One day after the Chinese press roundly mockedTrump's unsolicited tariff delay as proof the US was losing the trade war with China, with the Global Times saying that "Chinese experts said the sudden postponing of impending tariffs showed that the maximum pressure tactics of the US are losing their bite when it comes to China", a suddenly emboldened Beijing - perhaps sensing that it is indeed dealing with a weaker opponent - called planned U.S. tariffs on an additional $300 billion in Chinese goods a violation of accords reached by Presidents Donald Trump and Xi Jinping, and warned it would take all necessary measures to impose new tariffs on its own.
Echoing what Global Times editor in chief Hu Xijin said overnight, a short Thursday statement from the State Council Tariff Committee said the new 10% tariffs have taken the U.S. and China off the track of resolving their dispute through negotiation, and noted that China "has no choice but to take necessary measures to retaliate," without specifying what the nation would do. The committee has overseen tit-for-tat retaliatory tariffs on American products.
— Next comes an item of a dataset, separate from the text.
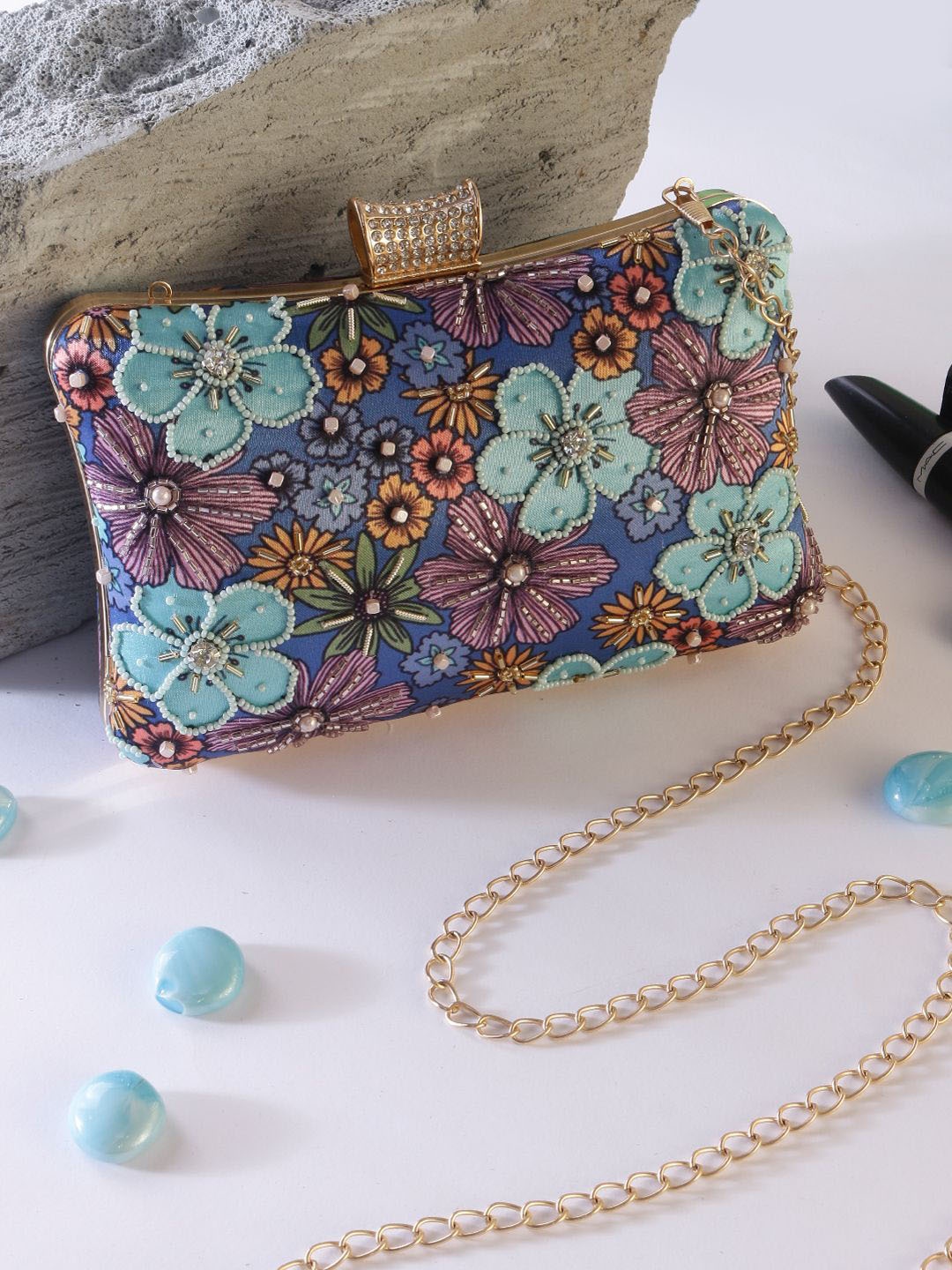 

Swisni Floral Printed Embellished Box Clutch, Blue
That said, according to an analysis by twitter China watcher, Trinh Nguyen, the amount China has left under tariffs is about USD10bn (already imposed 110bn) "so not much ammunition & will need curb investment/FX deval/UST/rare earth curb. Chart below ???? US has plenty left & reflects trade diff w/ China."
But what is far more troubling, is that contrary to Trump's implied expectation that China would respond with an olive branch of its own and according to Steven Englander, "will expect China to reciprocate by buying US agricultural products in the coming weeks", not only does China not plan on doing so but - as we warned yesterday - will send relations between the two nations into even greater turmoil with escalation of its own.
In kneejerk response to the apparent escalation, European stocks declined and U.S. equity futures pared a gain of almost 1%. The Stoxx Europe 600 index fell while the three main American equity contracts trimmed an earlier jump after China’s move.
And with the ball no longer in China's court now that Beijing has spat at Trump's coy attempt at quasi-appeasement, all eyes are back on Trump's twitter feed where the US president has two options: either offer even more concessions to China and be seen as even weaker and more desperate to get some concessions out of Beijing (unlikely), or go back to square one and/or escalate tensions even more and potentially eliminate the proposed tariff delay, sending stocks plunging (and the Fed that much closer to the coveted emergency rate cut).